Et après le travail ? Les retraités représentent aujourd’hui 20% de la population et ils y jouent un rôle important. Il est indispensable de faire mieux prendre en compte leur place dans la société. Poursuivons le travail entre actifs et retraités pour y réfléchir mais aussi pour défendre leurs conditions de vie, obtenir le dégel des pensions et une meilleure protection sociale.
A ce titre, la FSU regrette la décision du SE-UNSA de quitter la FGR. Elle l’appelle à y réfléchir encore car les retraités ont besoin d’une unité syndicale et donc de la FGR.
Pour faire tout cela la méthode compte. En réhabilitant le dialogue social avec les corps intermédiaires, le gouvernement a voulu, selon la formule du Président de la République, un dialogue social « utile ». La question est parfois de savoir à qui… La FSU a beaucoup agacé en le disant publiquement au gouvernement lors de la dernière Conférence sociale mais elle le redit : pour que cela fonctionne, il faut accepter de traiter tous les sujets, pas seulement ceux du gouvernement ou des employeurs mais aussi les nôtres, ceux dont les organisations syndicales veulent débattre.
Mais la crise n’est pas qu’économique, elle est multiple.
« Une crise de l’humanité qui n’arrive pas à accéder à l’humanité » nous dit E. Morin dans son dernier ouvrage (Penser global – 2016).
Bien sûr qu’en tout temps et particulièrement dans ce contexte, l’Éducation joue un rôle majeur. Elle ne peut se réduire à quelques slogans ou à la méthode Coué trop utilisée ces temps-ci par le gouvernement. Celui-ci doit entendre que l’efficacité d’une réforme (et bien évidemment nous avons en tête celle des rythmes scolaires et celle du collège) dépend aussi de l’adhésion des personnels car ce sont eux qui doivent la mettre en œuvre.
Le récent rapport du Comité de suivi de la loi de Refondation, publié en janvier, est particulièrement critique sur la mise en œuvre de la loi. Il met en cause le pilotage de la réforme par le ministère (priorité au primaire factice, panne de la formation des enseignants, missions à clarifier pour certaines d’instances…). Une mise en œuvre de la loi qui risque au final de contourner les principes affichés par la loi. Ce n’est donc pas pour rien que les personnels ont eu le sentiment que la réforme se diluait au fil du temps et qu’elle se réduisait finalement dans le débat public à des questions polémiques en dehors des nécessaires transformations.

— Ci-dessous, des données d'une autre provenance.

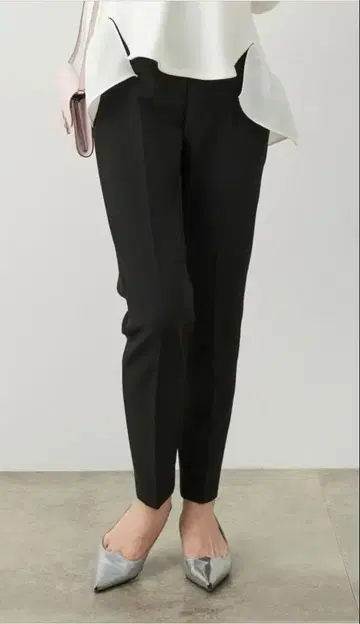 포멀 슬림 레그 팬츠 Liala x PG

Mais cette déception vient aussi du fait qu’une loi ne suffit pas à changer l’école.
Aujourd’hui 2 éléments sont indispensables pour réussir à transformer le système éducatif et l’enseignement agricole comme nous le souhaitons : un discours éducatif fort qui affirme que nous n’avons jamais tant eu besoin d’éducation et de formation pour tous les jeunes et un engagement total à transformer le système éducatif ! L’éducation est indispensable pour relever tous les défis auxquels notre société, auxquels l’humanité est confrontée évidemment mais déjà aussi pour que tous les jeunes se construisent leur avenir personnel et professionnel.
C’est déjà cela la priorité à la jeunesse ! Et la FSU le redit avec force : tous les jeunes sont éducables, tous doivent sortir du système éducatif avec une qualification !

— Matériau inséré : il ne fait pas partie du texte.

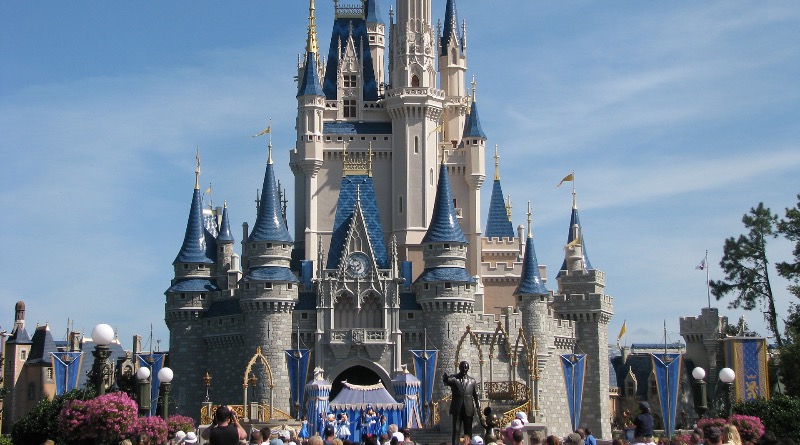 Microscale LEGO Disney Castle rumoured to be in the works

Alors passons des intentions aux actes : pour tous les jeunes, pour les 20% d’élèves en situation de pauvreté, les 120 000 qui sortent sans qualification, pour ces enfants d’ouvriers qui ont 2 fois moins de chance de décrocher leur bac que les enfants de cadres, pour les 21% des 15-24 ans qui ne sont ni en emploi ni en formation, oui il est urgent de transformer réellement le système éducatif !
Un des leviers est l’exercice même du métier d’enseignant, des métiers de l’éducation. Ainsi, la question du travail en équipe reste centrale car pouvoir travailler ensemble pour mieux prendre en charge tous les élèves et notamment les plus fragilisés, les plus éloignés de l’école est indispensable. Pour cela il faut du temps de concertation et le respect de la liberté pédagogique ; et bien évidemment une formation initiale et continue digne de ce nom.
Alors nous allons continuer à agir pour obtenir une réelle priorité au primaire, une autre réforme du collège, l’ouverture de concertation à partir d’un réel bilan de réforme des lycées et de premières mesures pour la voie professionnelle. Nous resterons bien sûr vigilants sur les créations de postes prévues par la loi de Refondation de l’École au regard d’une crise de recrutements qu’il ne faut pas sous estimer.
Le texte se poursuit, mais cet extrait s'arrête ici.